Price Optimization   

Goal

The goal of this project is to evaluate whether a pricing test running on the site has been successful. As always, you should focus on user segmentation and provide insights about segments who behave differently as well as any other insights you might find.

Description

Company sells a software for $39. Now company has decided to sell the same product for $59 and has decided to run a test increasing the price hoping that this would increase revenue. In the experiment, 66% of the users have seen the old price ($39), while a random sample of 33% users a higher price ($59). The test has been running for some time and the VP of Product is interested in understanding how it went and whether it would make sense to increase the price for all the users.

Goal of this project is to:
  1. Should the company sell its software for $39 or $59?
  2. The VP of Product is interested in having a holistic view into user behavior, especially focusing on actionable insights that might increase conversion rate. What are your main findings looking at the data?
  3. The VP of Product feels that the test has been running for too long and he should have been able to get statistically significant results in a shorter time. Do you agree with her intuition? After how many days you would have stopped the test? Please, explain why.

Ads Analysis   

Goal

The goal of this project is to look at a few ad campaigns and analyze their current performance as well as predict their future performance.

Description

There are running 40 different ad campaigns and want you to help them understand their performance.
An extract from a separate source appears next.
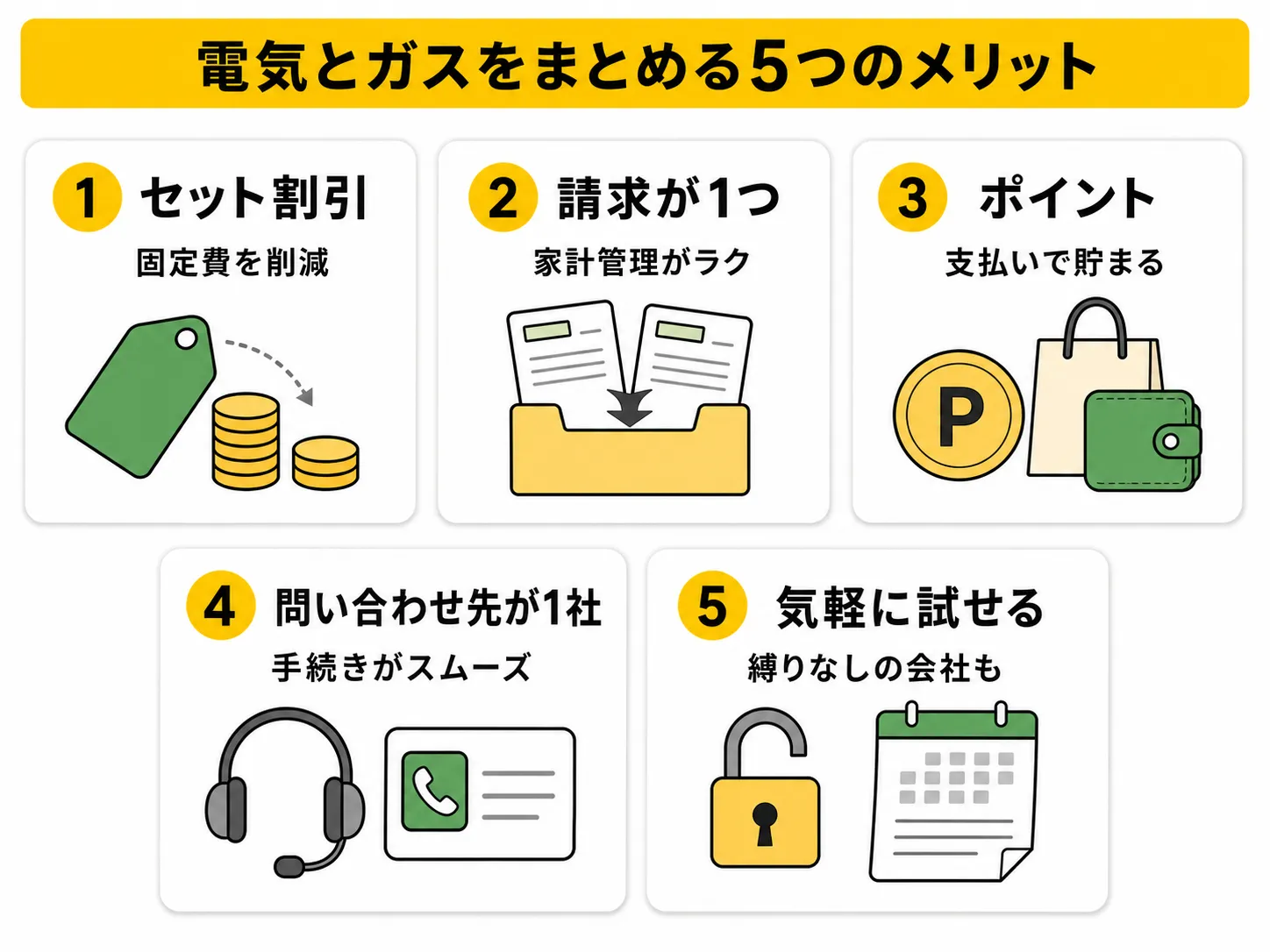 電気ガスまとめるメリット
Goal of this project is to:
  1. If you had to identify the 5 best ad groups, which ones would they be? Which metric did you choose to identify the best ad groups? Why? Explain the pros of your metric as well as the possible cons.
  2. For each group, predict how many ads will be shown on Dec, 15 (assume each ad group keeps following its trend).
  3. Cluster ads into 3 groups: the ones whose avg_cost_per_click is going up, the ones whose avg_cost_per_click is flat and the ones whose avg_cost_per_click is going down.

Subscription Rate   

Goal

The goal of this challenge is to model subscription retention rate.Subscriptions are a great business model. There are so many advantages for businesses in having subscribers compared to single purchase users: revenue by customer is much higher, it is possible to cross-sell to the subscribers, future revenue is easily predictable, there is a significant cost (time/effort/etc.) for the customer in canceling the subscription, etc.

Description

Pull data from all the users who subscribed in January and see, for each month, how many of them unsubscribed.

Goal of this project is to:
  1. A model that predicts monthly retention rate for the different subscription price points Based on your model, for each price point, what percentage of users is still subscribed after at least 12 months?
  2. How do user country and source affect subscription retention rate? How would you use these findings to improve the company revenue?